New York Supreme and/or Appellate Courts Appellate Division, First Department


April 24, 2012

IN RE LAQUA'SHA RENEE G., ETC., AND OTHERS,
DEPENDENT
CHILDREN UNDER THE AGE OF EIGHTEEN YEARS, ETC., AND SHEILA RENEE M., ETC.,
RESPONDENT-APPELLANT,
LITTLE FLOWER CHILDREN AND FAMILY SERVICES,
PETITIONER-RESPONDENT.

Matter of Matter of Laqua'sha Renee G. (Sheila Renee M.)

Published by New York State Law Reporting Bureau pursuant to Judiciary Law § 431.

This opinion is uncorrected and subject to revision before publication in the Official Reports.

Decided on April 24, 2012

Mazzarelli, J.P., Sweeny, Moskowitz, Abdus-Salaam, Manzanet-Daniels, JJ.

Orders of disposition, Family Court, Bronx County (Monica Drinane, J.), entered on or about April 4, 2011, which, upon fact-finding determinations of permanent neglect and abandonment, terminated respondent mother's parental rights to the subject children and committed the children's guardianship and custody to petitioner agency and the Commissioner of Social Services for the purpose of adoption, unanimously affirmed, without costs.
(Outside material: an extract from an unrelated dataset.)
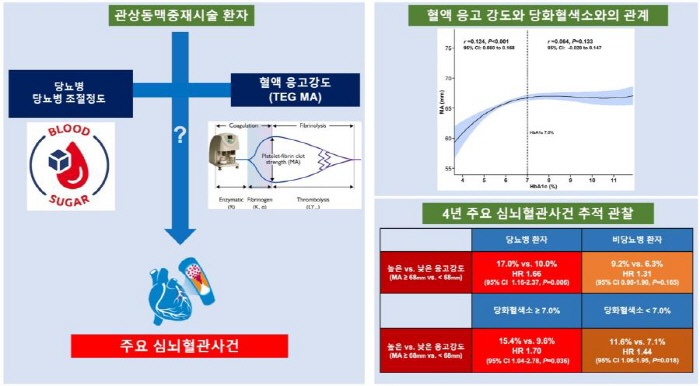 당뇨병 환자 심혈관계 예후, 혈액의 '응고 강도'와 연관…치명률 최대 3…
Clear and convincing evidence established that the children were permanently neglected within the meaning of Social Services Law § 384-b(7)(a). Despite petitioner's diligent efforts to strengthen and encourage the parent-child relationship by, among other things, formulating a service plan, scheduling visits with the children, and referring respondent to various programs and courses, respondent failed to complete drug treatment and parenting skills programs or to attend individual counseling, failed to follow through with any of the referrals made, and continually failed to attend meetings and scheduled visitation at the agency (see Matter of Fernando Alexander B. [Simone Anita W.], 85 AD3d 658, 659 [2011]). Moreover, notwithstanding the fact that respondent spoke with the children via telephone on a regular basis, her failure, during the six months immediately prior to the filing of the petitions, to visit the children or maintain contact with the agency, although she was able to do so and was not prevented or discouraged from doing so by the agency, gave rise to a presumption of abandonment that respondent did not rebut (see Social Services Law § 384-b[5][a]; Matter of Chaka F., 220 AD2d 310 [1995]).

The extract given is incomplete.